Either set the option within less with the - command followed by j.5↵ for the current running instance of less, or set and export the LESS environment variable inside your ~/.bashrc to have less always behave that way.

wargreymon ,

info

rotopenguin ,
@rotopenguin@infosec.pub avatar

boooooo

electricprism ,

I read man in nvim, there is a alias on the arch wiki IIRC (and syntax highlighting)

sping ,

Sorry it’s not a very direct answer but this is one of the many things that make Emacs such a comfortable environment once you’re used to it, which takes … a while.

There is a man command and then of course it’s just more text displayed so you can search and narrow and highlight etc. in the same way you do with any other text. Plus of course there are a few trivial bonuses like links to other man pages being clickable.

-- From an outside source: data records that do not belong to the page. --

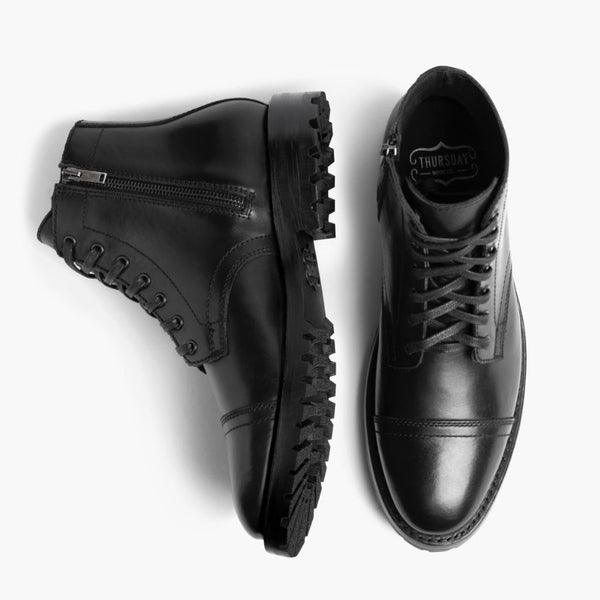 Major | Black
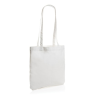 Sac shopping type Tote bag Impact en coton recyclé AWARE™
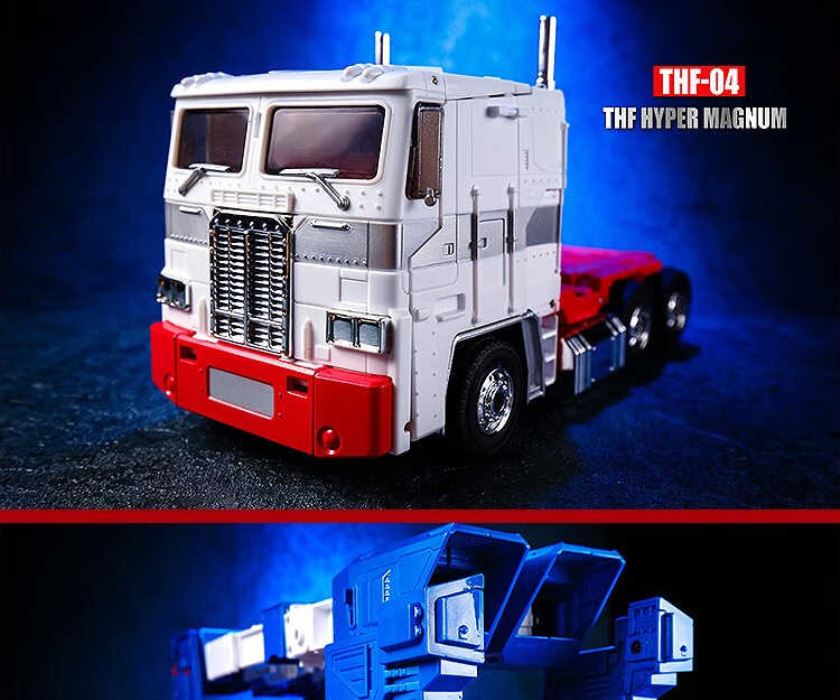 Ultra Magnus Transformable Toy - Transformers [THF-04]
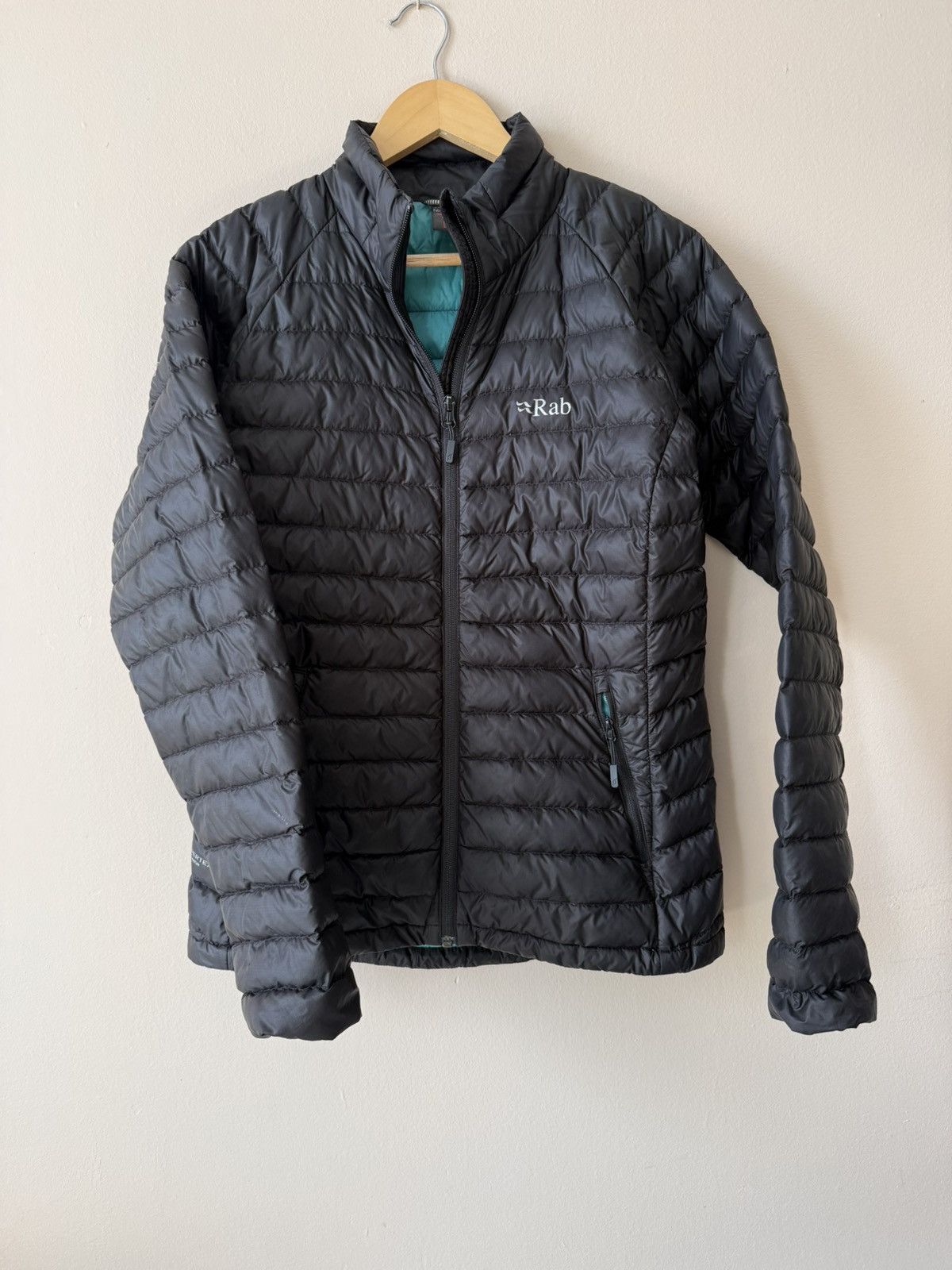 Rab Rab microlight down jacket S Rab 36 down jacket outdoor Size S / US 4 / IT 40 - 3 Thumbnail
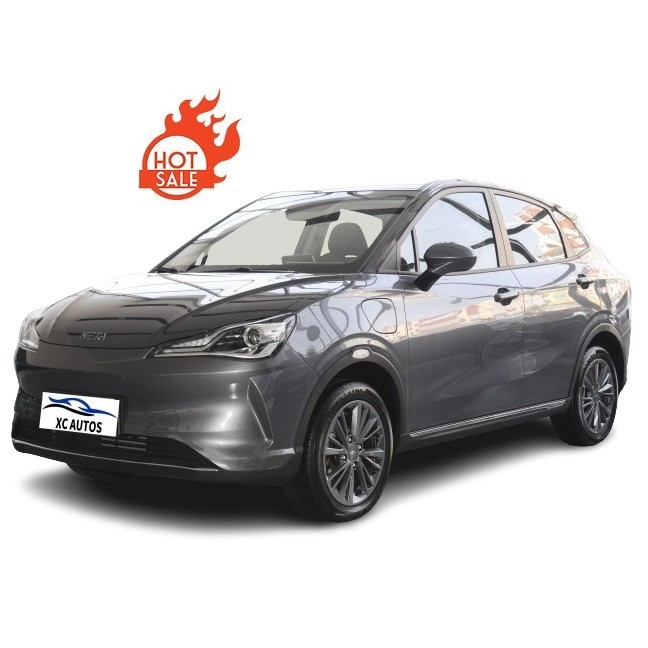 Neta V 5 places édition personnalisée SUV électrique Afable EV Tide 400 Véhicule compact à énergie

It’s all text and Emacs is a text manipulation framework (that naturally includes some editors).

ssm , (edited )
@ssm@lemmy.sdf.org avatar

the / and ? commands in the pagers more and most less implementations should support regular expressions (usually BREs in my experience); which is the same thing grep uses. Consider reading your friendly neighborhood regex formatting manpage, if you are confused. As for easily scrolling, ^G to terminate your search followed by b (or your favorite vi or emacs scrolling bind) to scroll back should be sufficient.

Also, man some-manpage | grep expression works, if you didn’t know.

wuphysics87 ,

You can search via regex. For instance you know a section heading or flag is the first thing on a line preceded with spaces. I also find it earier to read with extensions for colors.

RovingFox ,
@RovingFox@infosec.pub avatar

I use nvchad and pipe the man page into it

Zucca ,

I haven’t used lsp for a while, but it seemed like a good $PAGER.

github.com/dgouders/lsp

troyunrau ,
@troyunrau@lemmy.ca avatar

In KDE, there used to be man: as a protocol that you could use from Konqueror or anything else for that matter. Does it still exist?

I’m at work and cannot check.

JRepin ,
@JRepin@lemmy.ml avatar

Yup still exists. It is also available in KDE Help Center. And you can quickly jump to a man page you typing “” into KRunner.

kubok ,

I have krunner with the man plugin enabled. When typing man:X in the krunner prompt, a window opens with a nicely styled man page.

JRepin ,
@JRepin@lemmy.ml avatar

Even quicker is “#X”

kubok ,

I did not know that. Thank you.

nore ,

I’ve had this same situation happen to me before and my solution was to search -x instead of just x.

GadgeteerZA ,
@GadgeteerZA@fedia.io avatar
Andy ,
@Andy@programming.dev avatar

As someone else said, setting less’ jump value is helpful.

Another tool I use, mostly for the zshall manpage, is github.com/kristopolous/mansnip

Rozauhtuno ,
@Rozauhtuno@lemmy.blahaj.zone avatar

It’s not exactly what you asked for, but the fish shell has often explanations of what each flag does.